BAGHDAD, 3 January 2007 — A senior Iraqi court official nearly halted Saddam Hussein’s execution when supporters of a militia leader taunted the former president as he stood on the gallows.
Prosecutor Munkith Al-Faroon, who is heard appealing for order on an explicit Internet video clip of Saturday’s hanging that has inflamed sectarian passions, said yesterday he threatened to leave if the jeering did not stop — and that would have halted the execution as a prosecution observer must be present by law.
“I threatened to leave,” Faroon told Reuters. “They knew that if I left, the execution could not go ahead.”
Many in Saddam’s Sunni minority, and moderate Shiites and Kurds, have been angered and embarrassed by the video. In it, observers chant “Moqtada, Moqtada, Moqtada!” for militia leader Moqtada Sadr. Saddam by contrast looks dignified on the gallows and replies: “Is this what you call manhood?”
As the Iraqi government mounted an investigation into how officials smuggled in mobile phone cameras, Faroon also challenged the accounts of the justice minister and an adviser to the prime minister who said the film was shot by a guard. Faroon said one of two people taking video was a senior government official.

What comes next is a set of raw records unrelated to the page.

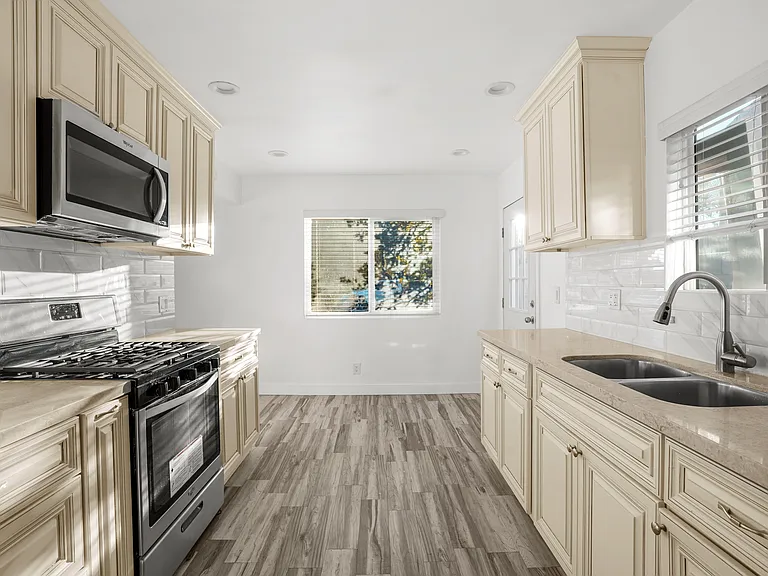 813 S Parton St — Photo 7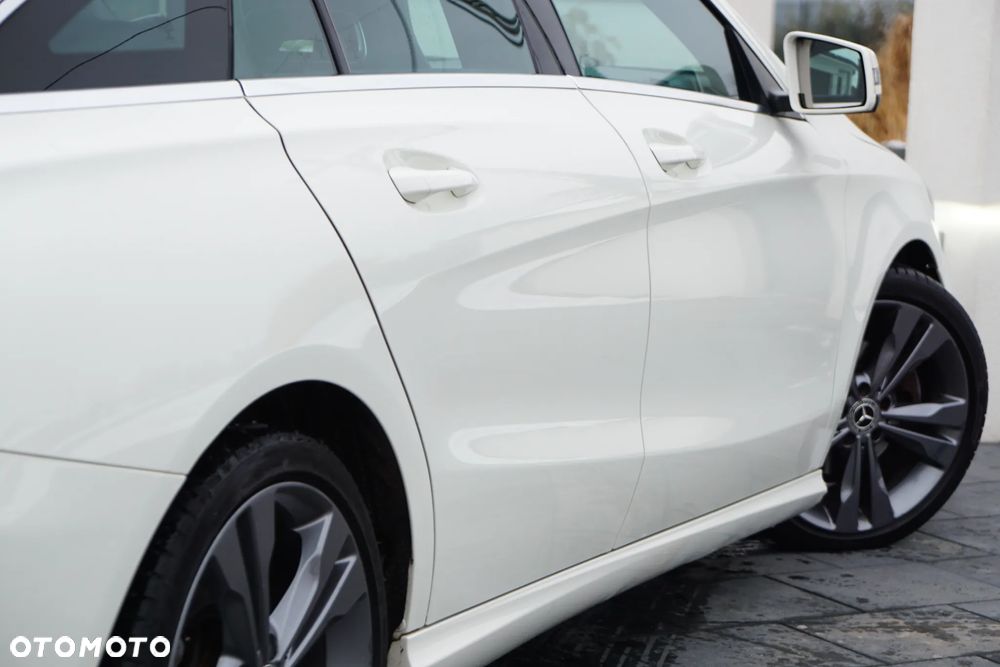 Mercedes-Benz CLA 180 7G-DCT UrbanStyle Edition - 18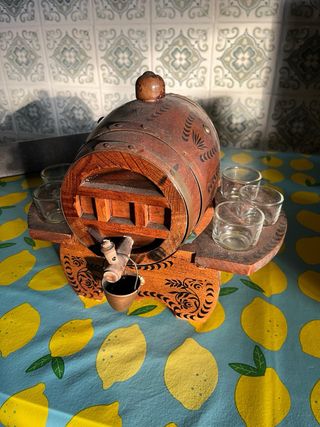 Barril y 4 chupitos madera antiguo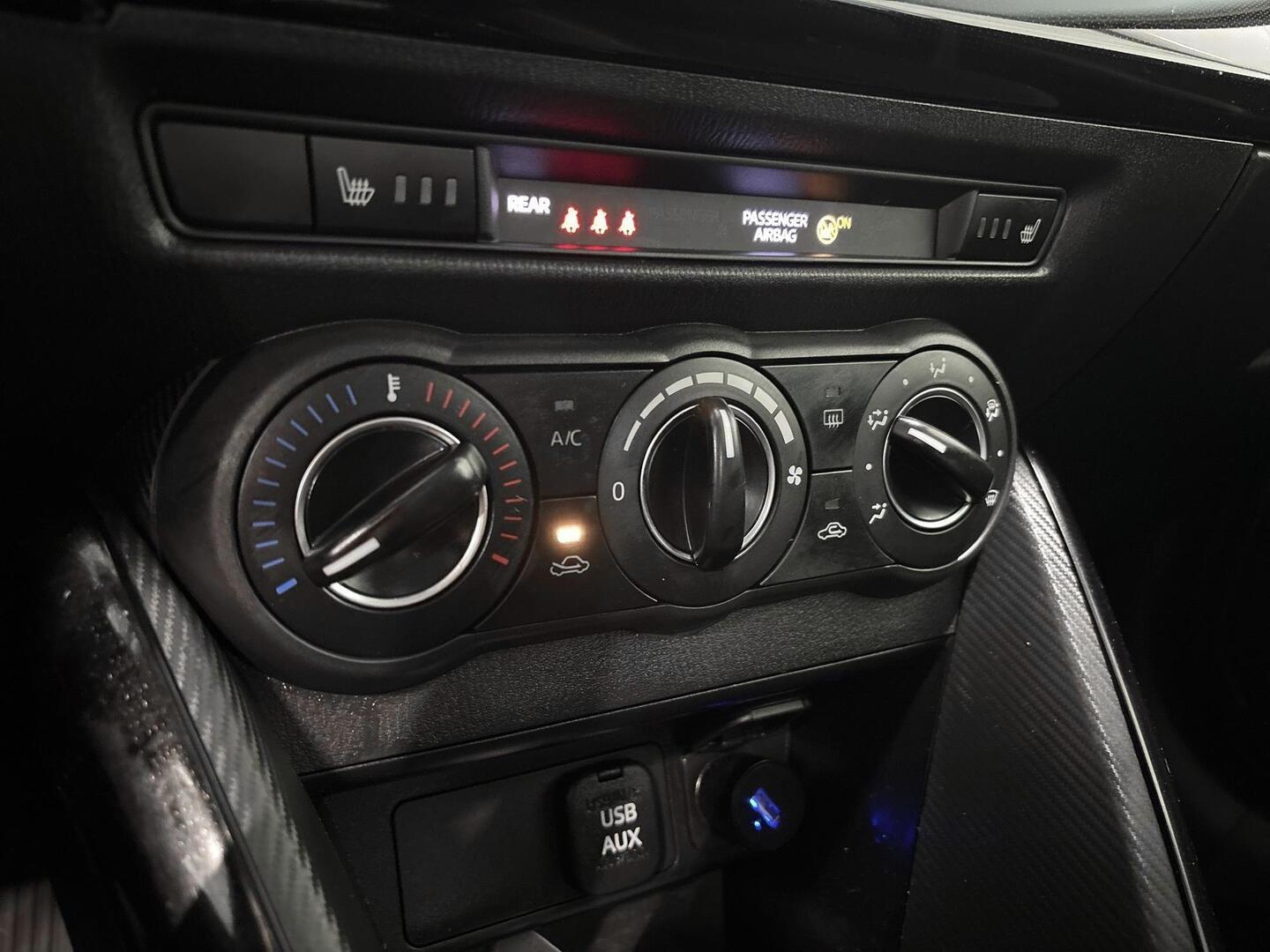 MAZDA Mazda2 2020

“Two officials were holding mobile phone cameras,” said Faroon, who was a deputy prosecutor in the case for which Saddam was hanged and is the chief prosecutor in a second trial that will continue against his aides for genocide against the Kurds.
“One of them I know. He’s a high-ranking government official,” Faroon said, declining to name the man. “The other I also know by sight, though not his name. He is also senior.
“I don’t know how they got their mobiles in because the Americans took all our phones, even mine which has no camera.”
Faroon said he was the only prosecutor from Saddam’s trial for crimes against humanity against the people of the Shiite town of Dujail who was present in Baghdad. The penal code stipulates that one prosecutor must be present at any execution.
The government released brief silent footage showing only the hangman placing the noose over Saddam’s head. The illicit video shows, as well as the taunts, the former president dropping through the trap and swinging, broken-necked, on the rope.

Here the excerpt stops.